Bill, everyone knows birthday candles are parafin and don't count so stop trying to stir up trouble. Besides the candles would run out of air in the Freezer and your experiment would be void. Don't make Dick and I have to come to your house and pull the cord on you CPU. There comes a time when every good thread must come to an end. That was many post ago for this one!


----------



## Dick Allen

Maybe there's a market for beeswax birthday candles.


----------



## Jim Fischer

> Maybe there's a market for beeswax birthday candles.

Actually, there is a market of sorts.

When I was a small boy, my parents would put
"trick candles" on my birthday cakes.
They could be blown out, but would re-light
themselves and need to be blown out again.
And again, and again... (It may sound like
a cruel way to frustrate birthday wishes, but
I assure you that it was great fun for all.
Times were simpler then, and we were highly
entertained by such simple shenanigans.)

Modern versions of these candles just don't
work as well as the old-style candles, so
I've made my own from time to time, using
the proper magic ingredient, magnesium.
You have to fiddle with it, but you can
get a candle that relights itself after a
few seconds of being "out" without much
trouble if you measure with care and keep
a notebook.

(The trick is to soak the wick in a magnesium
solution. NEVER add magnesium to the wax
unless you want flares suitable for military
assaults or search and rescue work!)

My pseudo-nieces and pseudo-nephews all love 'em.

Now, the reason that I mention this is that
I also use magnesium in church tapers for
a few drafty churches who request them. No one
likes to see a candle go out in the middle
of a church service, do they? Some might think
it a very very bad omen. Such candles are
"bulletproof", in that they simply cannot be
blown out by even a strong breeze for more
than a few moments. And if someone sees a
candle go out, and then relight itself, just
what might they think?  

The only hack required is to glue small sponges
to the inside tops of the bell-shaped snuffers
used by ushers/altar boys to snuff out the candles
at the end of the service, and instruct them to
wet the sponges before snuffing the candles.

...and of course I use pure beeswax - did
you think I would go out and buy paraffin?


----------



## jalal

awesome, i'll be happy to hear the results myself!


----------



## Dick Allen

Your statistics are quite impressive. You did not include, however, the number of smart-alec wisecracks from the sidelines.
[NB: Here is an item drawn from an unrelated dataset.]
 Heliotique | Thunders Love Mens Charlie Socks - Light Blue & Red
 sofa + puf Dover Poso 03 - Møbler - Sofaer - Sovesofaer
How many of those were there?


----------



## BULLSEYE BILL

Dick, I SWEAR I did not put him up to this.

I am, however, waiting in bated anticipation.


----------



## Jim Fischer

I'd offer to help, but I've been burning the
candle at both ends during a few days of good
apiary-work weather, and need a rest.


----------



## Jim Fischer

> Let the debates begin.

The basic act of lighting a candle has
been a subject of divergent views for
quite some time.

Psalm 18:28
"For thou wilt light my candle: the Lord my
God will enlighten my darkness."

Job 18:6
"The light shall be dark in his tabernacle,
and his candle shall be put out with him."

Revelation 22:5
"...and they need no candle, neither light of the
sun; for the Lord God giveth them light..."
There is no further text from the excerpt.